WHAT NEEDS TO BE DONE: Once the line with "Vista Guarcino Pueblo" is found in the data, output it and each following line exactly, up to and including the line with "Ray Pro Draagbare", and nothing before or after.

DATA TO EXAMINE:
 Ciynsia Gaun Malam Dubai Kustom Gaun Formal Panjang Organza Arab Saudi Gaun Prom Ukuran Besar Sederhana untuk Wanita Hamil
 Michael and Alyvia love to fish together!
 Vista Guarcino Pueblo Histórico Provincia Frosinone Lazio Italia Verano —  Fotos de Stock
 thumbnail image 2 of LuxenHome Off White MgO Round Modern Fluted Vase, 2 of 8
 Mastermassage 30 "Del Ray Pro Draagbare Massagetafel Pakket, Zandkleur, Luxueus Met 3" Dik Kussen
--
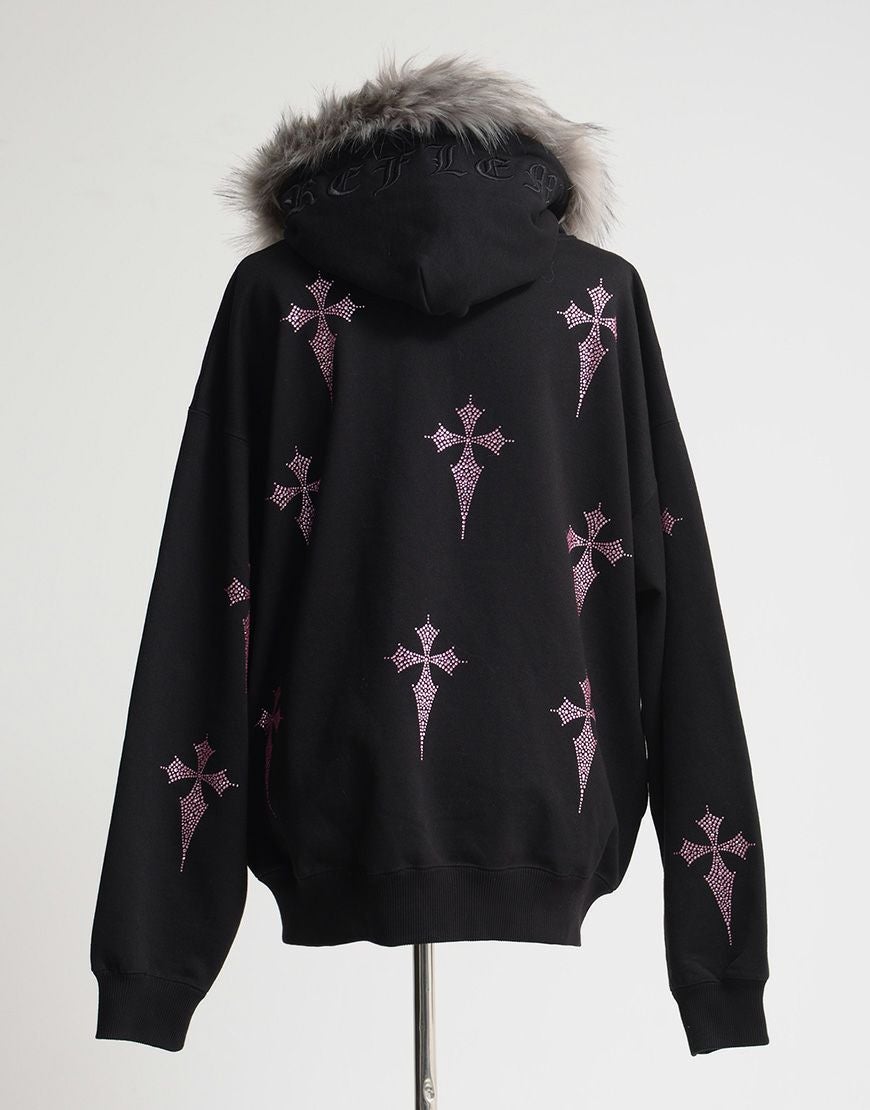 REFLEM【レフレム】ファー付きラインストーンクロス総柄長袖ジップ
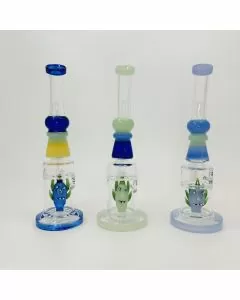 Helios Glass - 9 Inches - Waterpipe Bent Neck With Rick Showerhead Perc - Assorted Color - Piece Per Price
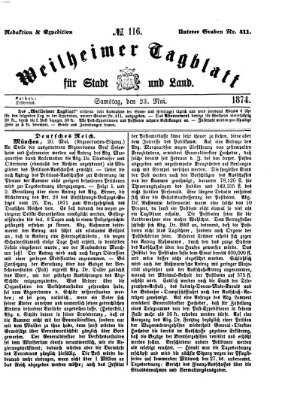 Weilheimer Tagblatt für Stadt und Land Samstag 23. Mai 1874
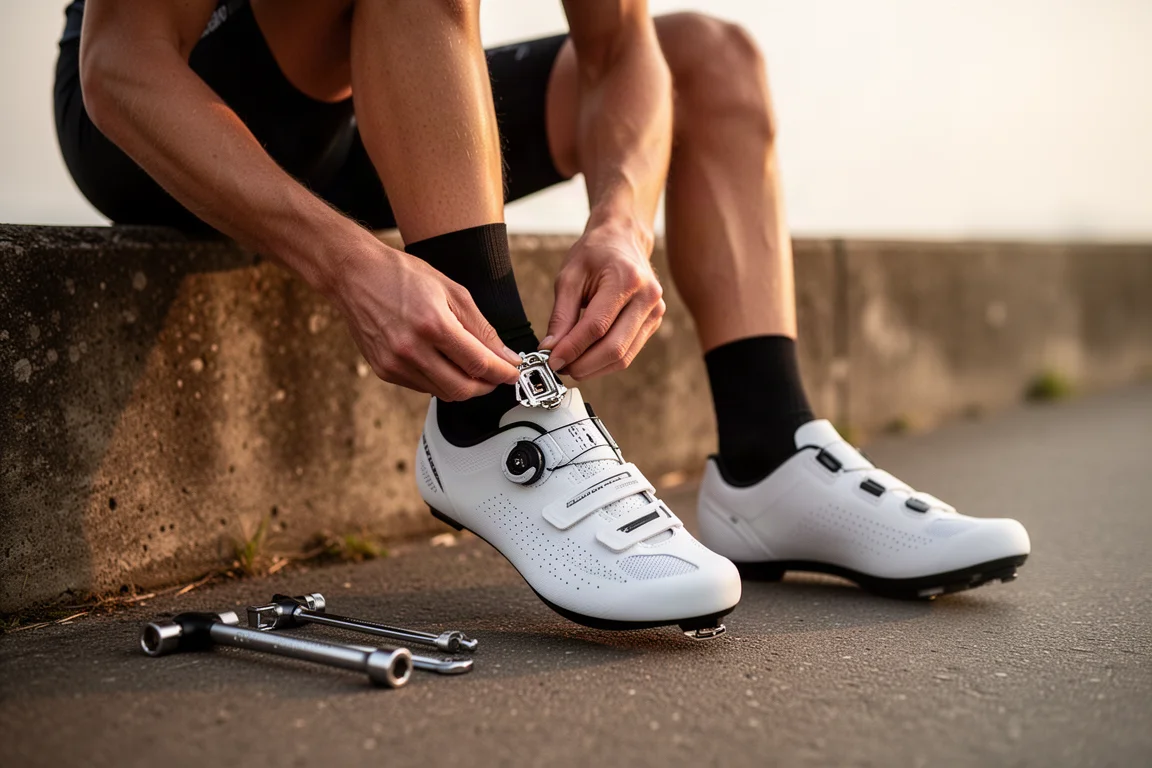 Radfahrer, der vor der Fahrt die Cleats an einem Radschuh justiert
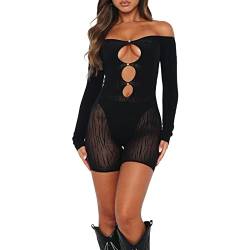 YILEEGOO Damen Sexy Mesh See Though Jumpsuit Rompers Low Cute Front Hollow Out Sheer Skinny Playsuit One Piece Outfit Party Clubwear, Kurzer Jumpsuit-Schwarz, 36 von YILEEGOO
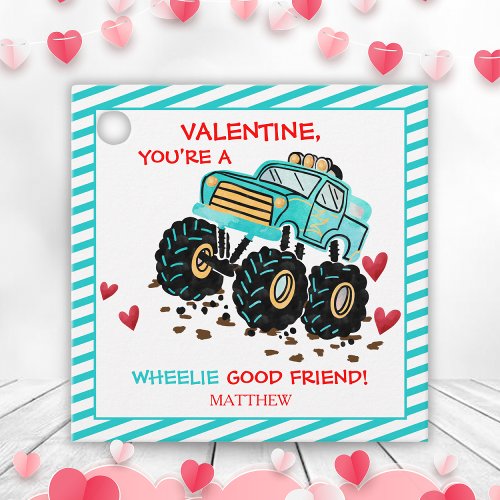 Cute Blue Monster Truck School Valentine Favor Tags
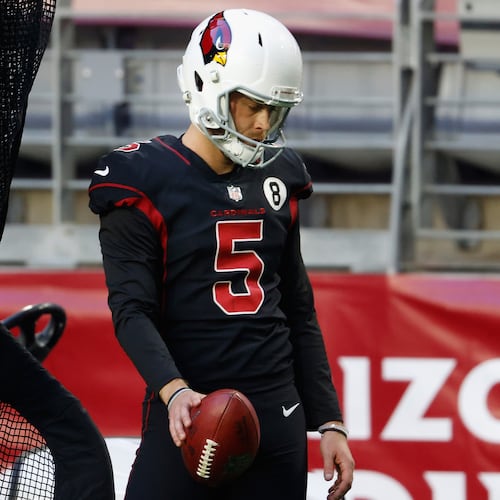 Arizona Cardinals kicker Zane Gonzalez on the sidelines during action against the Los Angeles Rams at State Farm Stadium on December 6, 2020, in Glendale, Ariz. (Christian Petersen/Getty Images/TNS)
* * *
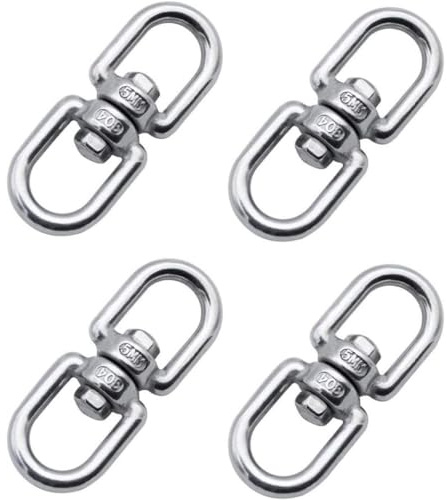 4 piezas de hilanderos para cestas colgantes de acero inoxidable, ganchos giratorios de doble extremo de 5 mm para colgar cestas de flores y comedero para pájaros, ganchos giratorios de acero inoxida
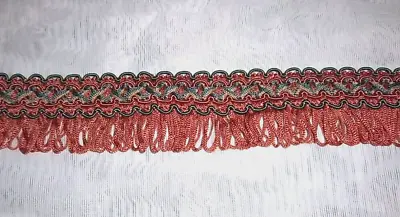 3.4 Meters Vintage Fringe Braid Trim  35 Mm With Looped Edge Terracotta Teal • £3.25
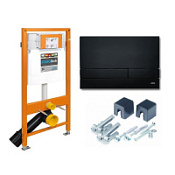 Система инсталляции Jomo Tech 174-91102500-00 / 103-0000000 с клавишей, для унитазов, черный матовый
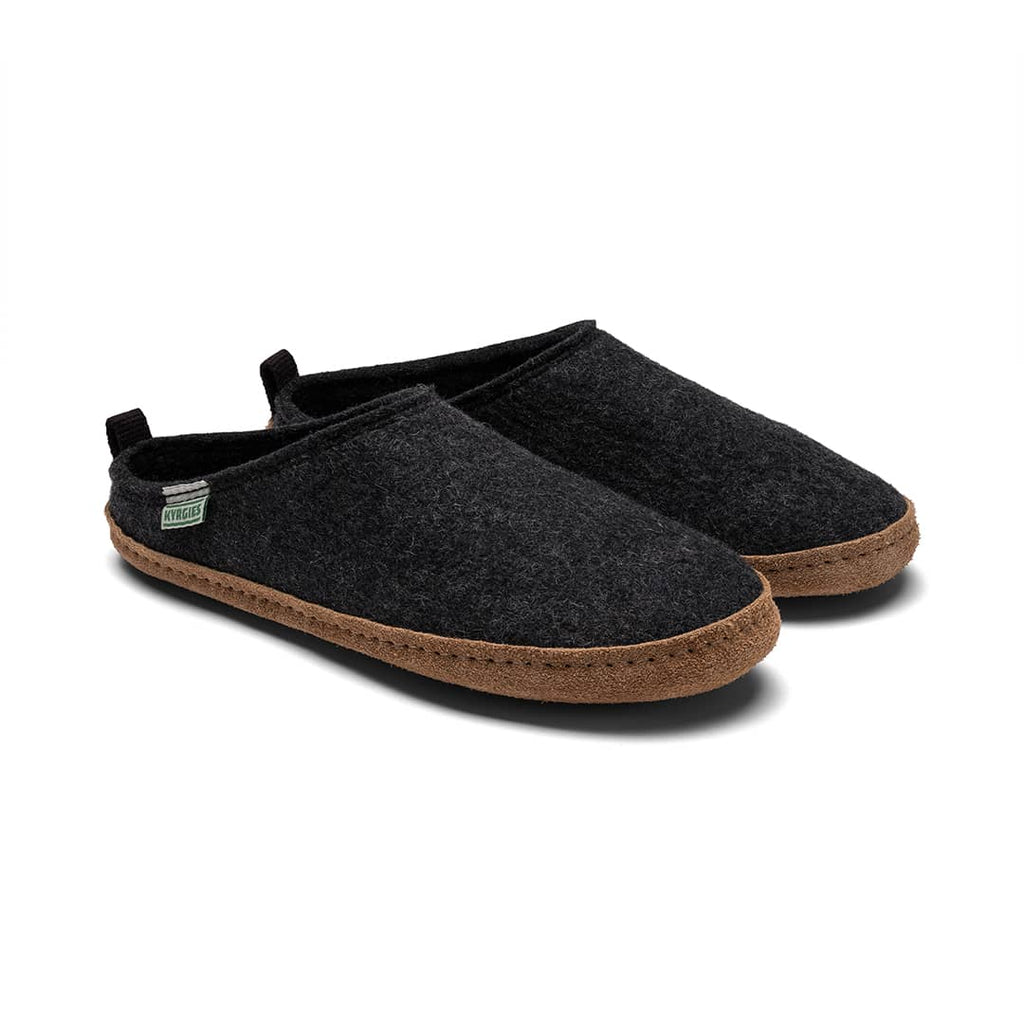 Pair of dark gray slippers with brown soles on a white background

WRITTEN ANSWER:
 Vista Guarcino Pueblo Histórico Provincia Frosinone Lazio Italia Verano —  Fotos de Stock
 thumbnail image 2 of LuxenHome Off White MgO Round Modern Fluted Vase, 2 of 8
 Mastermassage 30 "Del Ray Pro Draagbare Massagetafel Pakket, Zandkleur, Luxueus Met 3" Dik Kussen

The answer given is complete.